Por lo pronto ya han conseguido su cometido: despertar la emocionalidad de potenciales electores, generar confrontación y agrandar la polarización de la sociedad.
No hace tanto los políticos, especialmente de los partidos tradicionales, disimulaban la mentira, considerando que ser pillados en cualquier renuncio como hecho desagradable ante la opinión pública, que incluso de tratarse de un asunto de relevancia implicaría la renuncia al cargo.
Sin embargo los partidos populistas han instalado una nueva dinámica de glorificación de la mentira. Los embustes pueden y deben ser vistos puesto que son un elemento de subversión, que estos políticos y partidos no se rigen por la normas del sistema de democracia liberal.

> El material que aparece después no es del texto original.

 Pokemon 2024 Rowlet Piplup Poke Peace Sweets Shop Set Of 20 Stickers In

Es la política que apela a las vísceras y que se autodenomina “auténtica”.
Los populistas no se esfuerzan por ser sinceros sino de ser los más “auténticos” por su capacidad de conectar con los instintos e indignación de las personas, de decirles lo que quieren escuchar, de hacerles creer que serán la solución a todos sus males.

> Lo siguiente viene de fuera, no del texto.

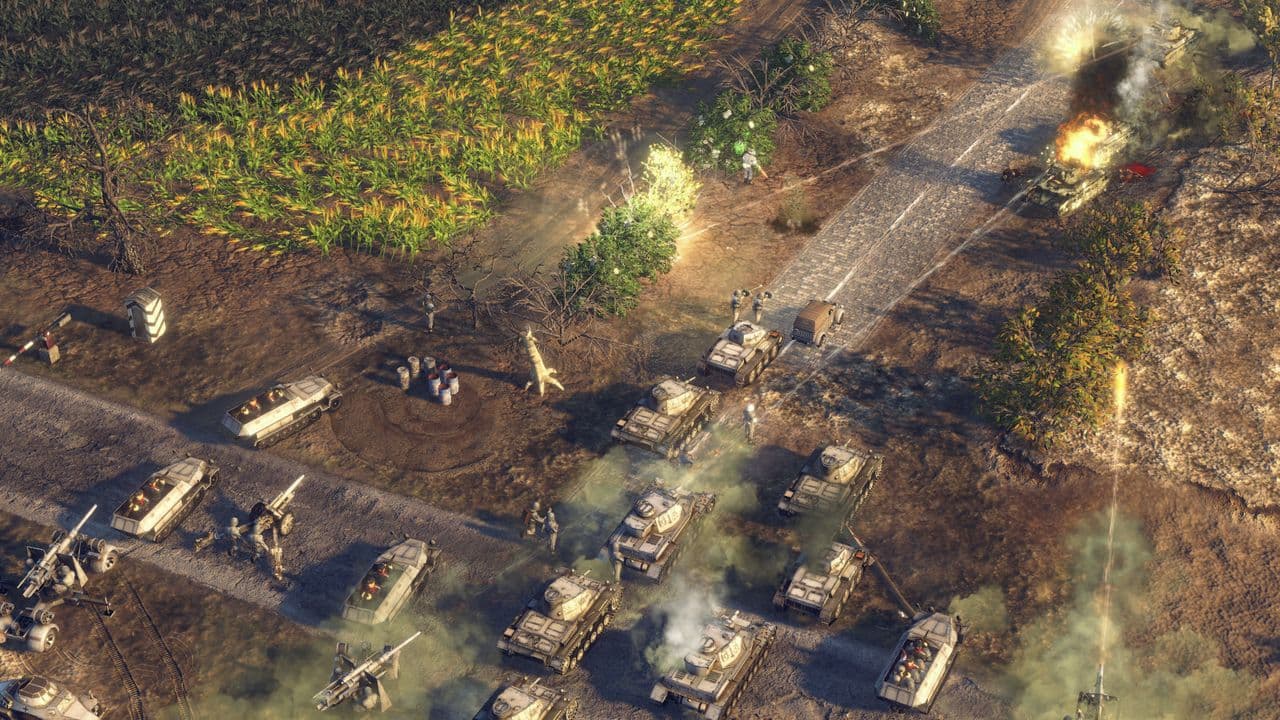 Captura 1 de Sudden Strike 4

A lo peor, parte de los electores están predispuestos a consumir con fruición estas mentiras, luego son corresponsables de retroalimentar los populismos.
Parte de esta responsabilidad también la tienen los partidos tradicionales, que con dificultades no pueden o no saben desmontar las mentiras del populismo, y que se ven arrastrados a tomar parte de ciertas prácticas populistas.
Sabiendo la rentabilidad que tiene el populismo – sobre todo a corto plazo – que es más fácil vender una ilusión que una realidad que satisfaga a medias.
Se produce pues una disociación entre el discurso y práctica de la política respecto a la realidad.
Pero como toda mentira no es eterna, cuando la realidad demuestra su verdad de lo que acontece – y es solo cuestión de tiempo – llega tan pronto la frustración que aquellos que confiaron.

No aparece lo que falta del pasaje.